Cuando daba clase y me tocaba exponer el origen del Renacimiento siempre explicaba que uno de los factores históricos que más habían contribuido a ello había sido la masiva inmigración de la población de Bizancio (hoy Estambul), de cultura griega ortodoxa, a Italia debido a la toma de la ciudad por los turcos otomanos. Los refugiados bizantinos trajeron consigo muchas obras de clásicos helénicos que se desconocían en Occidente, entre ellas la mayor parte de los Diálogos de Platón así como importantes tratados científicos, lo que coadyuvó decisivamente a la renovación de la filosofía y de la ciencia, aparte de extender el conocimiento de la lengua griega, uno de los pilares del Humanismo junto con el latín. La relevancia de este factor ha sido resaltada por los historiadores que sitúan el inicio de la Edad Moderna precisamente en el año de la caída de Bizancio, el 1453, por la indudable influencia de la gran aportación intelectual recibida.

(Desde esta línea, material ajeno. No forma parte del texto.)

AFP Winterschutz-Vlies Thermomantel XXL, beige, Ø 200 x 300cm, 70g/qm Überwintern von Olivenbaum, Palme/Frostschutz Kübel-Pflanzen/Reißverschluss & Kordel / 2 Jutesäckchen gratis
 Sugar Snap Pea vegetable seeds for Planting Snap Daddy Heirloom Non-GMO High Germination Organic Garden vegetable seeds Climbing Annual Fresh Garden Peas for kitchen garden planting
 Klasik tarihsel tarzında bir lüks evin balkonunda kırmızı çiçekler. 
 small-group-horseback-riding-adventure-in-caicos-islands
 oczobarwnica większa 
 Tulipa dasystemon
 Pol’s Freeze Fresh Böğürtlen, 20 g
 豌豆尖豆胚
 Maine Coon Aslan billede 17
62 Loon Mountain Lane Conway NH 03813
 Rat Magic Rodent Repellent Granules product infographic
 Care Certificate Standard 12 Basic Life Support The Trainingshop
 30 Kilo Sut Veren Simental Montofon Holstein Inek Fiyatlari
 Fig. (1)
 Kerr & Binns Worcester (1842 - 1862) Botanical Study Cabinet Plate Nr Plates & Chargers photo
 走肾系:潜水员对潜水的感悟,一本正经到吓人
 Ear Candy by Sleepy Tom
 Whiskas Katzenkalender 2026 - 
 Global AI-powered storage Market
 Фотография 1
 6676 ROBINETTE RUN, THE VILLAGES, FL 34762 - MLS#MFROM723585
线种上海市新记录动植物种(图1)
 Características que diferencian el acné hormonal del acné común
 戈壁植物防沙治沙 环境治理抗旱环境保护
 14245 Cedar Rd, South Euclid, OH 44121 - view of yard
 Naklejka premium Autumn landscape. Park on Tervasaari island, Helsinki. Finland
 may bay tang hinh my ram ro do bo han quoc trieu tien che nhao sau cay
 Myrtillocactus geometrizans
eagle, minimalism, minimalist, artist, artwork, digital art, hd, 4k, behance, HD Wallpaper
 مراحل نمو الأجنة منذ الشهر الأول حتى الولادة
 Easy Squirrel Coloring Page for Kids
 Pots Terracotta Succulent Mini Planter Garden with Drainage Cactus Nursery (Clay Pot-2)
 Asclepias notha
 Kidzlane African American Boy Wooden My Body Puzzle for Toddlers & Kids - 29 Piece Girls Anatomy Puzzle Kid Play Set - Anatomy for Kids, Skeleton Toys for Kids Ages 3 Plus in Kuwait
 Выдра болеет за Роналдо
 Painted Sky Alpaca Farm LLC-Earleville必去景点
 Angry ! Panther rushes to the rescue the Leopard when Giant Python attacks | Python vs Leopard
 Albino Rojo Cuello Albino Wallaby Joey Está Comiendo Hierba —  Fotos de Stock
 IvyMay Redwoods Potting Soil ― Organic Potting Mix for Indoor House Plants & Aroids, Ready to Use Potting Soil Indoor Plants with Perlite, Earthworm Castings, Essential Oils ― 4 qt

No es el único ejemplo (podría citarse también el de los propios Estados Unidos u otros países de América), pero sí uno de los más llamativos, de los ventajas culturales y sociales de la inmigración, además en este caso de refugiados de guerra. Es ésta una gran lección de la historia que no deberíamos olvidar a la hora de valorar la necesidad y la conveniencia de acoger a inmigrantes que huyen de la devastación bélica y que portan consigo valores y conocimientos que puede que no nos sobren. Quizás su inyección de moral, su agradecimiento y en muchos casos su buen hacer profesional y su cultura nos colmen de más beneficios aún de los que nosotros podamos ofrecerles, como sucedió en el Renacimiento italiano.